[DATA SUPPLIED Boundary: Start]

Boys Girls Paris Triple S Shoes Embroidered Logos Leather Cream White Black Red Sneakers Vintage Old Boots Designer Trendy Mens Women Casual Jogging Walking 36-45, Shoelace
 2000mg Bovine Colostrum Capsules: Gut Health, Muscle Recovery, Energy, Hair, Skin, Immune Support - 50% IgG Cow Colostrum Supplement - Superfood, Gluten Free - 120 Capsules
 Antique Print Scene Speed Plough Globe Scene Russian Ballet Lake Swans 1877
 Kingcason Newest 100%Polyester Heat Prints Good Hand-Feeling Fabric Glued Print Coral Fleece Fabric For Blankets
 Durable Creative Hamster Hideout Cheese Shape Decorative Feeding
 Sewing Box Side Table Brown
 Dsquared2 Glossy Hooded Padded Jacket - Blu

[DATA SUPPLIED Boundary: End]

• [WHAT NEEDS TO BE DONE]
Copy the lines above exactly, beginning at the line that has "Kingcason Newest 100%Polyester" and stopping after the line that has "Sewing Box Side Table Brown", and omit the rest.

• [SOLVED PROBLEM]
 Kingcason Newest 100%Polyester Heat Prints Good Hand-Feeling Fabric Glued Print Coral Fleece Fabric For Blankets
 Durable Creative Hamster Hideout Cheese Shape Decorative Feeding
 Sewing Box Side Table Brown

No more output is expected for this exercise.